Now that Slug's an underground hip-hop mack, however, Atmosphere concentrates almost exclusively on his adventures, or "travels," with women. On last year's God Loves Ugly, he almost seemed contemptuous of them, referring to one on the darkly sensuous "Modern Man's Hustle" as a "sexy little bitch." The new Seven's Travels, a compendium of encounters from his several international concert tours, finds him making peace with the opposite sex; it is more worldly than weary, lacking Lucy Ford's pathos and veiled anger. Maybe he realized, as he says on "Apple," that "just because you're an MC doesn't mean that you get to be an asshole."

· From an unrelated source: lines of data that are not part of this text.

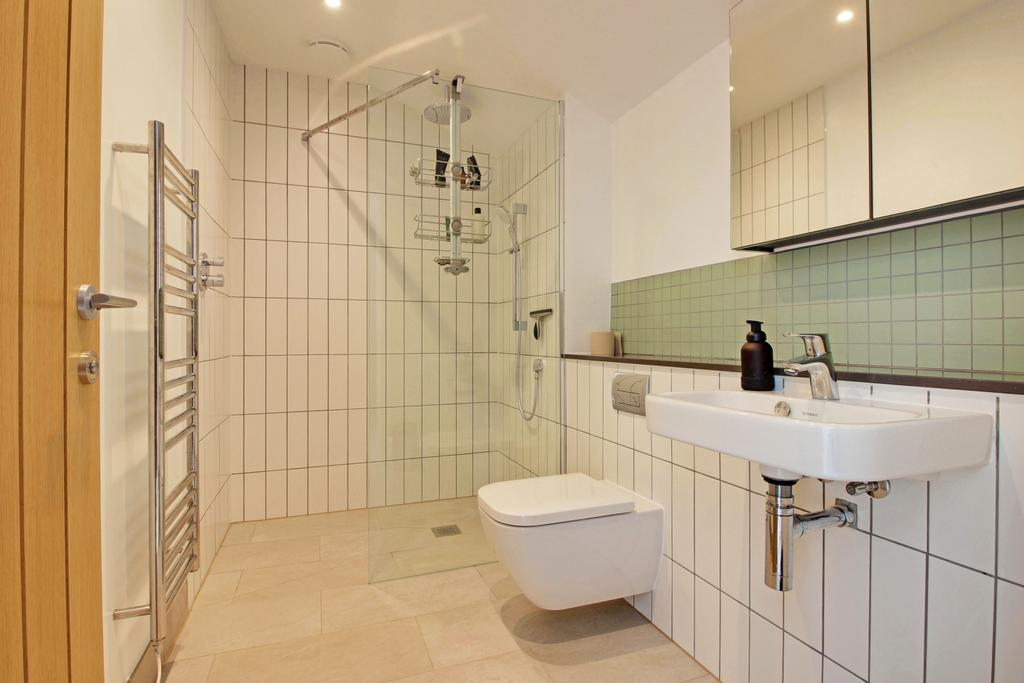 Ensuite Shower Room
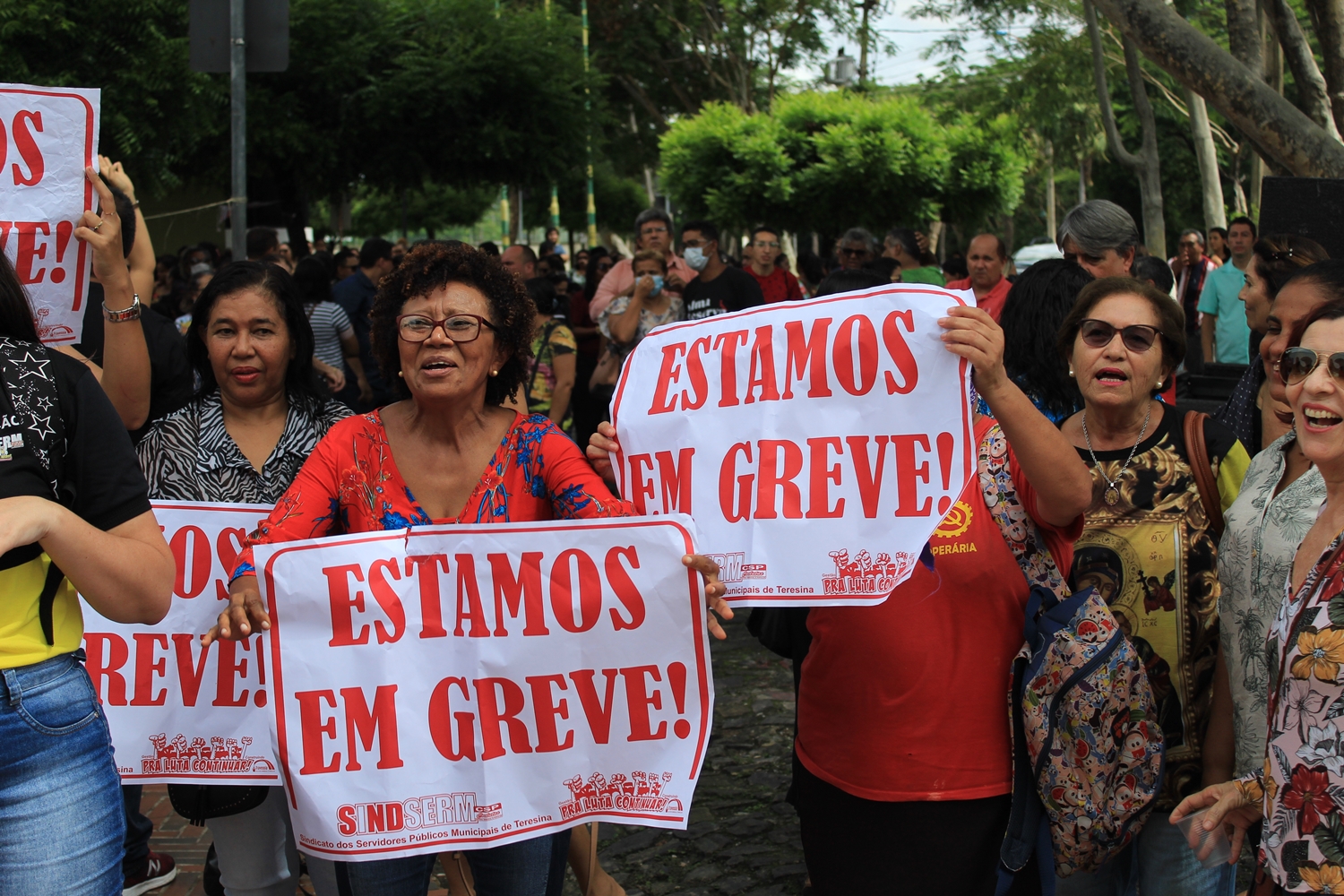 Greve Dos Professores Em Frente a Câmara Municipal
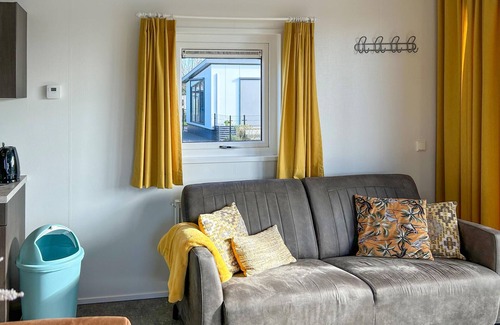 Scherpenisse House | Nice home in Scherpenisse with kitchen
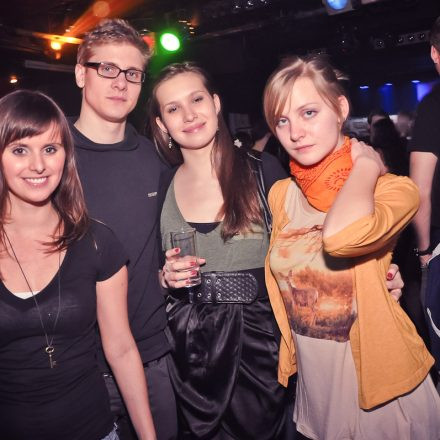Addicted to Underground @ U4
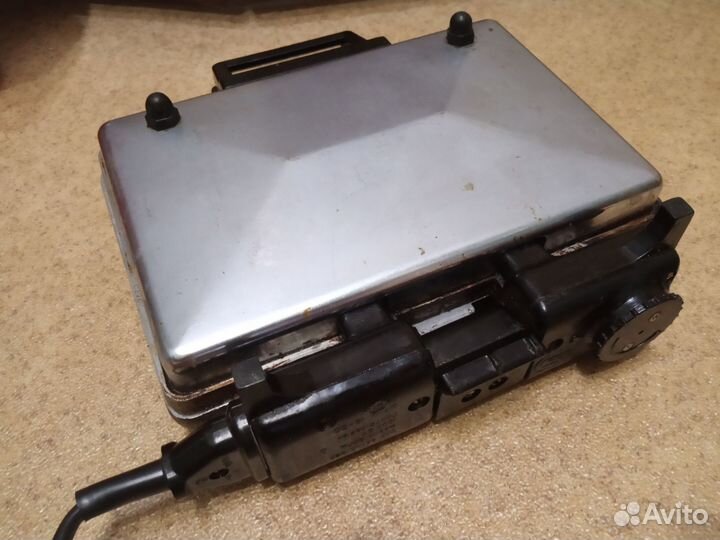 Электровафельница СССР Обь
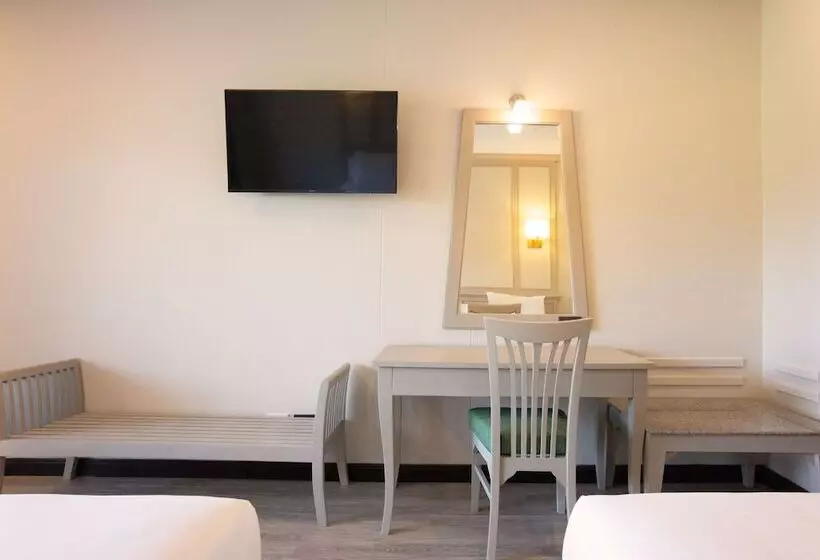 デラックスルーム, Pinnacle Grand Jomtien Resort and Beach Club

As his musical partner and collaborator, Ant weaves together nice little loops for Slug to rap over. But he mostly stays in the shadows, mixing Slug's vocals high enough so the beat usually fades into the background. The duo's chemistry works best on numbers like "Gotta Lotta Walls" and "National Disgrace," full-fledged songs that are more than mere musical platforms for Slug's shaggy-dog punditry. Seven's Travels is their most consistent album, but it lacks a standout track on the scale of "The Abusing of the Rib" or "Nothing But Sunshine," to name two underground classics Slug has penned over the past several years. It simply floats along his trajectory, neither upsetting nor overwhelming his word flow.
Then again Slug is less super rapper than compelling personality. You don't listen to his music, judging each track carefully, as much as you listen to him as he converses with you; and you take it all in, from his amazing, dead-on observations to his callous, rambling tangents. If Seven's Travels is any indicator, he's relatively content and ready for that closeup major publications have been promising him ever since one of the Osbournes appeared on the cover of People magazine with an Atmosphere patch. Whether the world is ready for him or not is anyone's guess.